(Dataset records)
:::::

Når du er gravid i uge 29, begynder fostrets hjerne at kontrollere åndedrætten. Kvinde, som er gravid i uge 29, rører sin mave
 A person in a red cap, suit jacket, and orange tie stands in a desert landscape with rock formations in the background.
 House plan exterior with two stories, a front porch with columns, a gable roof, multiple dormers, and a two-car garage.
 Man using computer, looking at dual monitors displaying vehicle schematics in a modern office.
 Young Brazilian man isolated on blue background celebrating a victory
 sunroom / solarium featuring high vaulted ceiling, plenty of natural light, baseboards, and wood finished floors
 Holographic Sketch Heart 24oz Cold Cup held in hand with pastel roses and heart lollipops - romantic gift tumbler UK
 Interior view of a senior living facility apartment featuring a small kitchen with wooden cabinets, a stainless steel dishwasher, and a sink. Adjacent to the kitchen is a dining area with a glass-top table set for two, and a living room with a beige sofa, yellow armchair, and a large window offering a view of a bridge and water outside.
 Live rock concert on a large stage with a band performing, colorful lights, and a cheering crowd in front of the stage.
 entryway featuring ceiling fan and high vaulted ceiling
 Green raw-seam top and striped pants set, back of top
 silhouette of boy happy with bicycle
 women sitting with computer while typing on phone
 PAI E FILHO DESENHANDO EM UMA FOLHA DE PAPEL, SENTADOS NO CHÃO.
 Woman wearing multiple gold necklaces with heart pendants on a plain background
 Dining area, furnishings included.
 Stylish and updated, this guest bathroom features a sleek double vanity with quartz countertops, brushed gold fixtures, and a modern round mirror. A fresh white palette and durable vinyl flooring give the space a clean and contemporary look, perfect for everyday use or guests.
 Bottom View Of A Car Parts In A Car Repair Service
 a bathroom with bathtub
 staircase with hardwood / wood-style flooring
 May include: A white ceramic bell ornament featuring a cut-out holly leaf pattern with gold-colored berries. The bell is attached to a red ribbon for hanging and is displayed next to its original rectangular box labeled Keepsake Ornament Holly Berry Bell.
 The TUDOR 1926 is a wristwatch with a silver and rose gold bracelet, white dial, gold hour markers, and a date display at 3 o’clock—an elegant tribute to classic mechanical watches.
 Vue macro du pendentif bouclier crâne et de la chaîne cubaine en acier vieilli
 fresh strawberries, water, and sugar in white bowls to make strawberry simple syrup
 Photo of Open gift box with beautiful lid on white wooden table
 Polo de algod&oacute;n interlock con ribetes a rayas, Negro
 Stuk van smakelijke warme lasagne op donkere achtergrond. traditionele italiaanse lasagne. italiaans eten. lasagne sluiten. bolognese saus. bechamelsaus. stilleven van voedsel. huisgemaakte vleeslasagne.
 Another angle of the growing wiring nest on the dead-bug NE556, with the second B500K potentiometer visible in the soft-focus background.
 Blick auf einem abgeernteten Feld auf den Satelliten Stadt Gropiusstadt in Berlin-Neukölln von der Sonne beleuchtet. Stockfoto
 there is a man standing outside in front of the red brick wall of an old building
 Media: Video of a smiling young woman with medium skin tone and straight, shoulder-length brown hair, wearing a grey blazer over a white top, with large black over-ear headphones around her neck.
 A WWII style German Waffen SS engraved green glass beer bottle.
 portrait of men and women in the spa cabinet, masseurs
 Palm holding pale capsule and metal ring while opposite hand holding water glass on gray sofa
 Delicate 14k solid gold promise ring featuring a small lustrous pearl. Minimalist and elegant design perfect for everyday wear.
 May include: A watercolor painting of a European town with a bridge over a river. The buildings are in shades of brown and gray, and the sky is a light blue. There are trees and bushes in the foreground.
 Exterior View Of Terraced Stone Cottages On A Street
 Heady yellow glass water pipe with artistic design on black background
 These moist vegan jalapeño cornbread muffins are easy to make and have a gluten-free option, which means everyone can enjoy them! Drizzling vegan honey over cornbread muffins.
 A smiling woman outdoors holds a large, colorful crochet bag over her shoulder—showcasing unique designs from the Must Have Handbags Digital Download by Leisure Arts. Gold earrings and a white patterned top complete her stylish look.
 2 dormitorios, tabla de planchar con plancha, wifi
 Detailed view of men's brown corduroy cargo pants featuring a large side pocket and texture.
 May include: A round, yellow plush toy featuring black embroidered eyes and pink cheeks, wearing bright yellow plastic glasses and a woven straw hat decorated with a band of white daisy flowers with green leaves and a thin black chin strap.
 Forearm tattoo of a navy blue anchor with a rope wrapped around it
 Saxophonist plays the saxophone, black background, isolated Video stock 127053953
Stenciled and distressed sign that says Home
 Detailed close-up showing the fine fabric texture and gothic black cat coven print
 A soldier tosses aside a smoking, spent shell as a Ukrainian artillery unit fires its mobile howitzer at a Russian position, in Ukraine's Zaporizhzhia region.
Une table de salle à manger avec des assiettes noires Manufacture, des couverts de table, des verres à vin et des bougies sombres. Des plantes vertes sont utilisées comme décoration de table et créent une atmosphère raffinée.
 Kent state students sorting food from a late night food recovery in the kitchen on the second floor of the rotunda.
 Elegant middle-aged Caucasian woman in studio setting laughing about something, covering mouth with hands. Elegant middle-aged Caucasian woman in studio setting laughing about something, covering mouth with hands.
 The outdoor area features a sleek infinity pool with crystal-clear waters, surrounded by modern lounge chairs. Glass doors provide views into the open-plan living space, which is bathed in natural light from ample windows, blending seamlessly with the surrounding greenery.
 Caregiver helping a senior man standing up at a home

:::::

> **WHAT YOU NEED TO DO**
Exactly as written, copy out all the entries above.

> **ANSWER SPACE**
Når du er gravid i uge 29, begynder fostrets hjerne at kontrollere åndedrætten. Kvinde, som er gravid i uge 29, rører sin mave
 A person in a red cap, suit jacket, and orange tie stands in a desert landscape with rock formations in the background.
 House plan exterior with two stories, a front porch with columns, a gable roof, multiple dormers, and a two-car garage.
 Man using computer, looking at dual monitors displaying vehicle schematics in a modern office.
 Young Brazilian man isolated on blue background celebrating a victory
 sunroom / solarium featuring high vaulted ceiling, plenty of natural light, baseboards, and wood finished floors
 Holographic Sketch Heart 24oz Cold Cup held in hand with pastel roses and heart lollipops - romantic gift tumbler UK
 Interior view of a senior living facility apartment featuring a small kitchen with wooden cabinets, a stainless steel dishwasher, and a sink. Adjacent to the kitchen is a dining area with a glass-top table set for two, and a living room with a beige sofa, yellow armchair, and a large window offering a view of a bridge and water outside.
 Live rock concert on a large stage with a band performing, colorful lights, and a cheering crowd in front of the stage.
 entryway featuring ceiling fan and high vaulted ceiling
 Green raw-seam top and striped pants set, back of top
 silhouette of boy happy with bicycle
 women sitting with computer while typing on phone
 PAI E FILHO DESENHANDO EM UMA FOLHA DE PAPEL, SENTADOS NO CHÃO.
 Woman wearing multiple gold necklaces with heart pendants on a plain background
 Dining area, furnishings included.
 Stylish and updated, this guest bathroom features a sleek double vanity with quartz countertops, brushed gold fixtures, and a modern round mirror. A fresh white palette and durable vinyl flooring give the space a clean and contemporary look, perfect for everyday use or guests.
 Bottom View Of A Car Parts In A Car Repair Service
 a bathroom with bathtub
 staircase with hardwood / wood-style flooring
 May include: A white ceramic bell ornament featuring a cut-out holly leaf pattern with gold-colored berries. The bell is attached to a red ribbon for hanging and is displayed next to its original rectangular box labeled Keepsake Ornament Holly Berry Bell.
 The TUDOR 1926 is a wristwatch with a silver and rose gold bracelet, white dial, gold hour markers, and a date display at 3 o’clock—an elegant tribute to classic mechanical watches.
 Vue macro du pendentif bouclier crâne et de la chaîne cubaine en acier vieilli
 fresh strawberries, water, and sugar in white bowls to make strawberry simple syrup
 Photo of Open gift box with beautiful lid on white wooden table
 Polo de algod&oacute;n interlock con ribetes a rayas, Negro
 Stuk van smakelijke warme lasagne op donkere achtergrond. traditionele italiaanse lasagne. italiaans eten. lasagne sluiten. bolognese saus. bechamelsaus. stilleven van voedsel. huisgemaakte vleeslasagne.
 Another angle of the growing wiring nest on the dead-bug NE556, with the second B500K potentiometer visible in the soft-focus background.
 Blick auf einem abgeernteten Feld auf den Satelliten Stadt Gropiusstadt in Berlin-Neukölln von der Sonne beleuchtet. Stockfoto
 there is a man standing outside in front of the red brick wall of an old building
 Media: Video of a smiling young woman with medium skin tone and straight, shoulder-length brown hair, wearing a grey blazer over a white top, with large black over-ear headphones around her neck.
 A WWII style German Waffen SS engraved green glass beer bottle.
 portrait of men and women in the spa cabinet, masseurs
 Palm holding pale capsule and metal ring while opposite hand holding water glass on gray sofa
 Delicate 14k solid gold promise ring featuring a small lustrous pearl. Minimalist and elegant design perfect for everyday wear.
 May include: A watercolor painting of a European town with a bridge over a river. The buildings are in shades of brown and gray, and the sky is a light blue. There are trees and bushes in the foreground.
 Exterior View Of Terraced Stone Cottages On A Street
 Heady yellow glass water pipe with artistic design on black background
 These moist vegan jalapeño cornbread muffins are easy to make and have a gluten-free option, which means everyone can enjoy them! Drizzling vegan honey over cornbread muffins.
 A smiling woman outdoors holds a large, colorful crochet bag over her shoulder—showcasing unique designs from the Must Have Handbags Digital Download by Leisure Arts. Gold earrings and a white patterned top complete her stylish look.
 2 dormitorios, tabla de planchar con plancha, wifi
 Detailed view of men's brown corduroy cargo pants featuring a large side pocket and texture.
 May include: A round, yellow plush toy featuring black embroidered eyes and pink cheeks, wearing bright yellow plastic glasses and a woven straw hat decorated with a band of white daisy flowers with green leaves and a thin black chin strap.
 Forearm tattoo of a navy blue anchor with a rope wrapped around it
 Saxophonist plays the saxophone, black background, isolated Video stock 127053953
Stenciled and distressed sign that says Home
 Detailed close-up showing the fine fabric texture and gothic black cat coven print
 A soldier tosses aside a smoking, spent shell as a Ukrainian artillery unit fires its mobile howitzer at a Russian position, in Ukraine's Zaporizhzhia region.
Une table de salle à manger avec des assiettes noires Manufacture, des couverts de table, des verres à vin et des bougies sombres. Des plantes vertes sont utilisées comme décoration de table et créent une atmosphère raffinée.
 Kent state students sorting food from a late night food recovery in the kitchen on the second floor of the rotunda.
 Elegant middle-aged Caucasian woman in studio setting laughing about something, covering mouth with hands. Elegant middle-aged Caucasian woman in studio setting laughing about something, covering mouth with hands.
 The outdoor area features a sleek infinity pool with crystal-clear waters, surrounded by modern lounge chairs. Glass doors provide views into the open-plan living space, which is bathed in natural light from ample windows, blending seamlessly with the surrounding greenery.
 Caregiver helping a senior man standing up at a home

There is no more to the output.